Butters Leopold Stotch, go to your room and stay there until you realized what you have done wrong!


----------



## Orbiter (Jul 8, 2015)

I'm Kyel!


----------



## gopherinferno (Apr 7, 2009)

Orbiter said:


> Butters Leopold Stotch, go to your room and stay there until you realized what you have done wrong!


you can't ground me


----------



## Orbiter (Jul 8, 2015)

MylesB93 said:


> Token I guess lol


Why, you black?
I bet you have a bass guitar in your basement!


----------



## Orbiter (Jul 8, 2015)

gopherinferno said:


> you can't ground me


I am your father and you do what I say!!!
I had to laugh at that picture, damn vampire butters lol


----------



## MylesB93 (Feb 25, 2014)

Orbiter said:


> Why, you black?
> I bet you have a bass guitar in your basement!
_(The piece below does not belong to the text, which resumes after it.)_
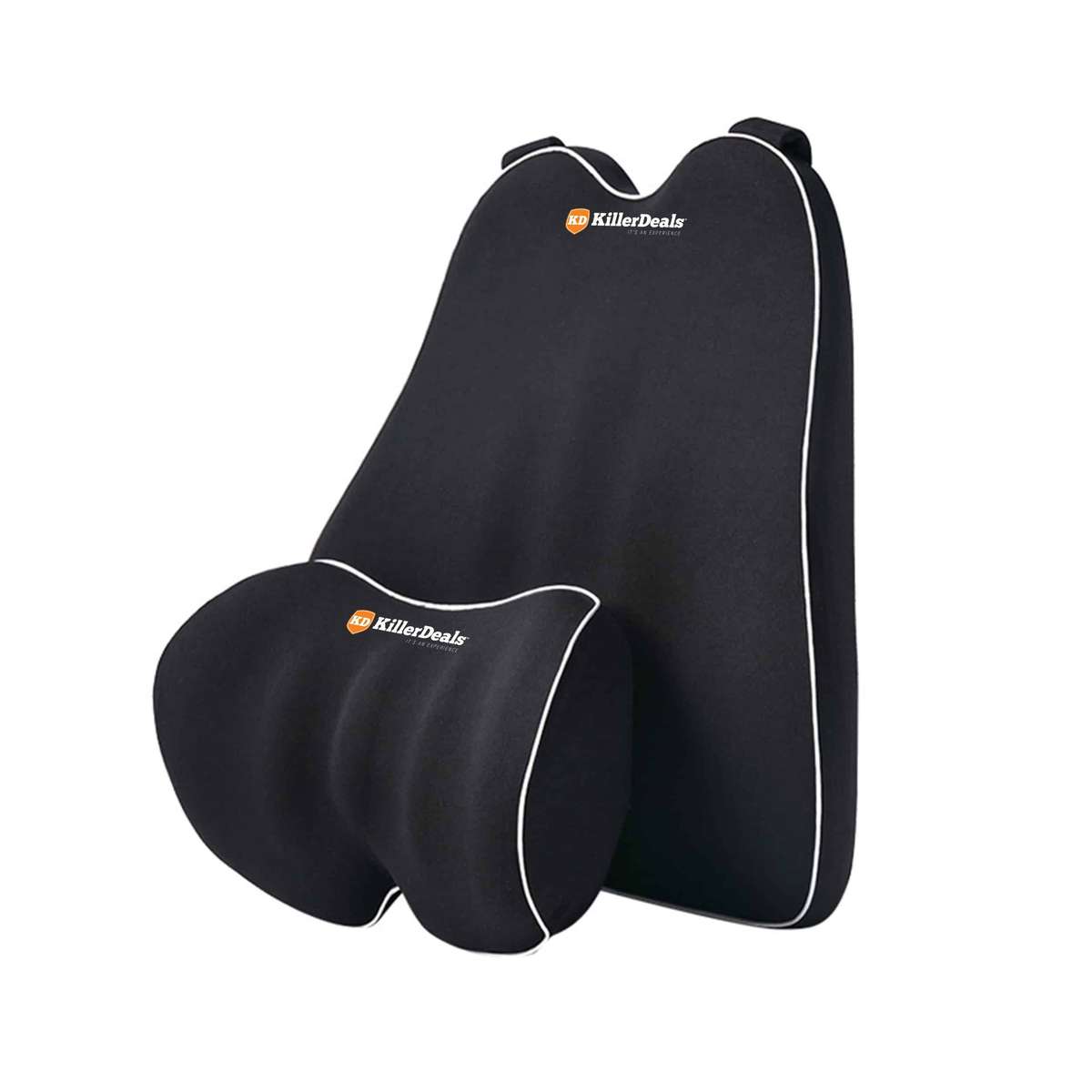 Car Travel Memory Foam Neck / Lower Back Support Cushions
Yep :b I actually used to play haha, still got my bass in my room :rofl


----------



## Idontgetit (Nov 1, 2013)

Damn conformists..


----------



## Orbiter (Jul 8, 2015)

MylesB93 said:


> Yep :b I actually used to play haha, still got my bass in my room :rofl


Haha, that's too hilarious man.


----------



## bad baby (Jun 10, 2013)

_DUH_


----------



## gopherinferno (Apr 7, 2009)

bad baby said:


> _DUH_


oh my god this is too good


----------



## Ape in space (May 31, 2010)

My first instinct was Butters. But after some more thought, I would have to go with Lemmiwinks.


----------



## Sdistant (Mar 25, 2015)

Kenny


----------



## knightofdespair (May 20, 2014)

Randy most of the time, Craig sometimes.


----------



## Moon Rabbit (Aug 7, 2015)

Kyle


----------



## LoneWolf14 (Dec 18, 2014)

Cartman for sure!


----------